Beside the Wolfram brand-name, there's little reason to elevate this above 'curiosity I'll watch out of the corner of my eye' status.
It sounded to me like it was "This problem requires both brute force and cleverness, and I have supplied both.":
"But with a mixture of Mathematica and NKS automation, and a lot of human experts, I’m happy to say that we’ve gotten a very long way.... But I’m happy to say that with a mixture of many clever algorithms and heuristics, lots of linguistic discovery and linguistic curation, and what probably amount to some serious theoretical breakthroughs, we’re actually managing to make it work."
(Ellipses covers several paragraphs in this case.)
The big stopper in some sense has not been the cleverness, but the brute force necessary, because without the brute force collection and translation, there's nothing to be clever with.

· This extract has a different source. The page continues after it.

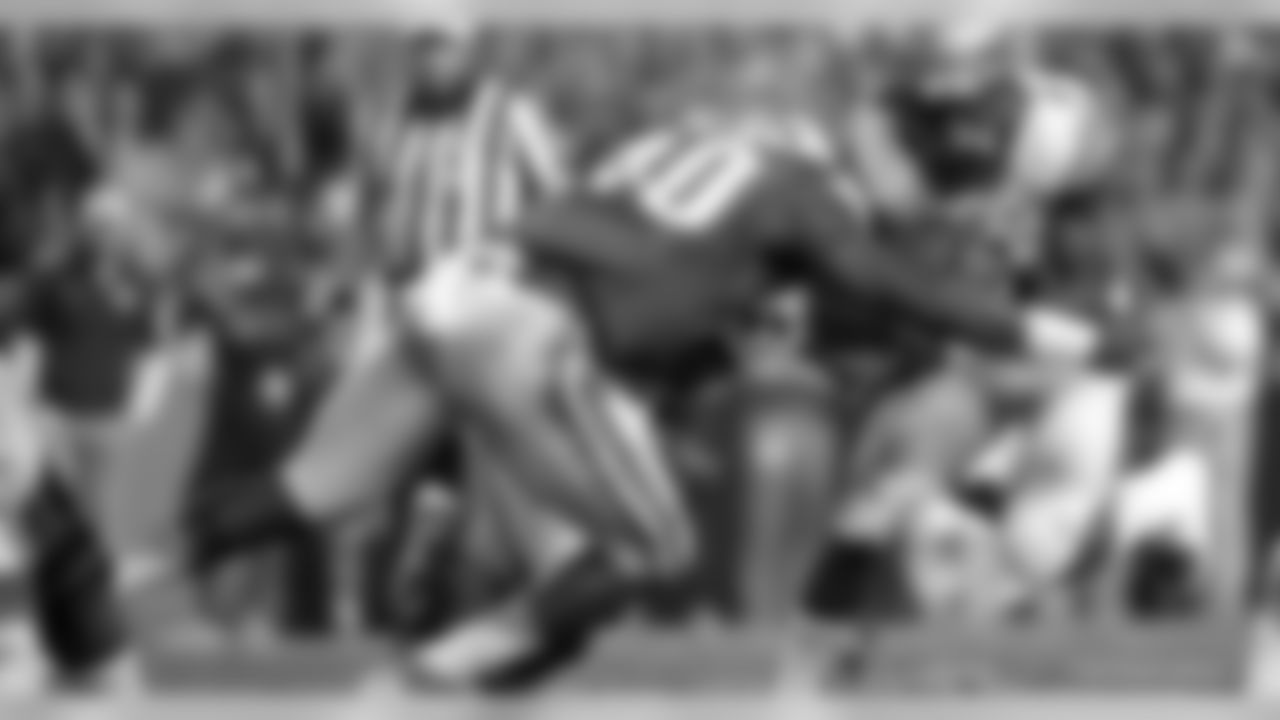 Jarrad Davis, Florida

I, too, am "wait and see", but this could be valuable.
There is no mention of "learning algorithms" or stuff of that nature in the post. Its a different approach:
"But if one’s already made knowledge computable, one doesn’t need to do that kind of natural language understanding.

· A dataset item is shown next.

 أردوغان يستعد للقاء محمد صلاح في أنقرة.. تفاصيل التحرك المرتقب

All one needs to be able to do is to take questions people ask in natural language, and represent them in a precise form that fits into the computations one can do."

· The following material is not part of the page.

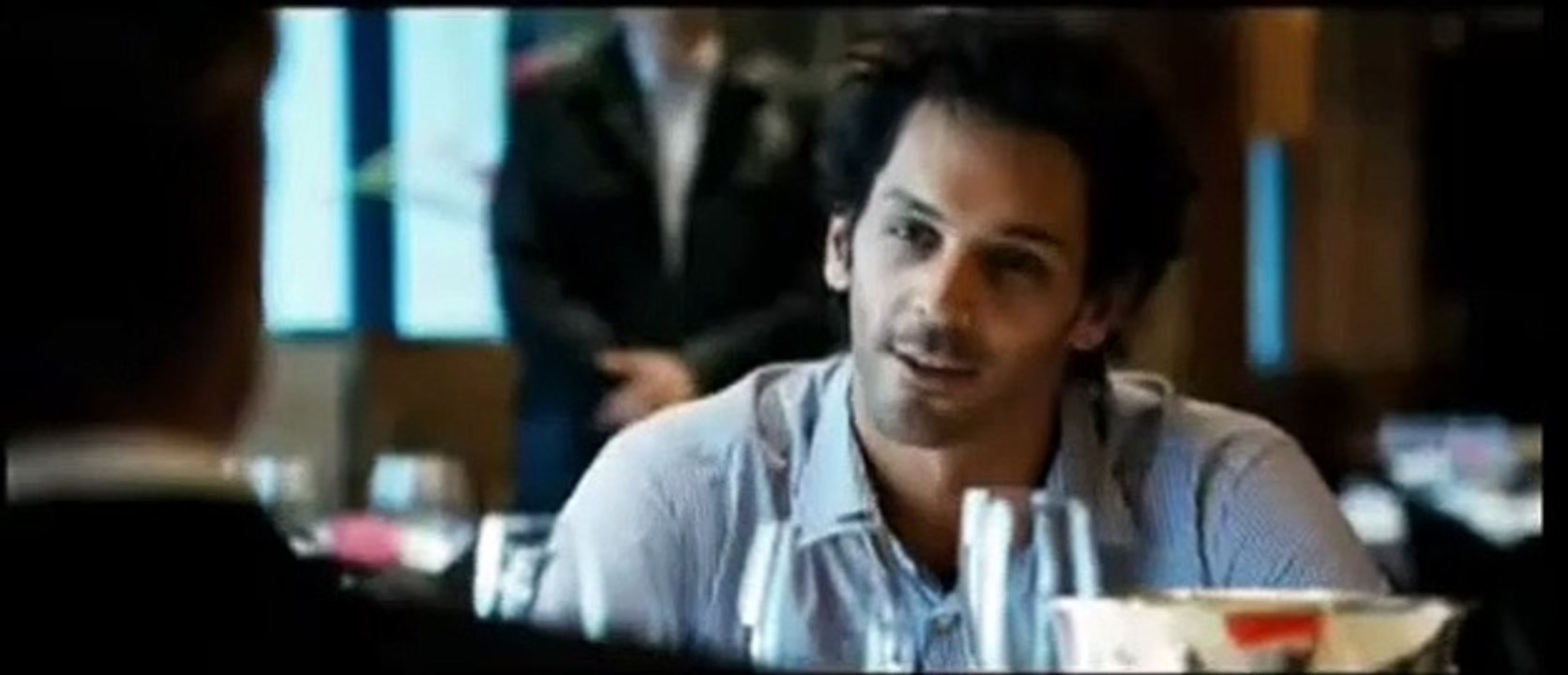 Largo Winch - Tödliches Erbe Trailer DF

The nlp involved is quite different from the mainstream direction.
Actually, I'm not sure if the Wolfram brand name is a reason to pay attention to this, or to deliberately ignore it. It's being described as a cross between Mathematica and <i>A New Kind of Science</i>; the first is wonderful, the second is a new kind of stupid, and I'm not sure which one will win.
Good idea, but not likely. If ambition was a weak attractive force, like gravity, then ego would be a localized, strong repulsive force, like two positive electro-magnetic forces.
Estimating the ego of Wolfram and Lenat, it would take somewhere on the order of 10^9 ambitious geniuses for the net force of ambition to overcome the local force of ego.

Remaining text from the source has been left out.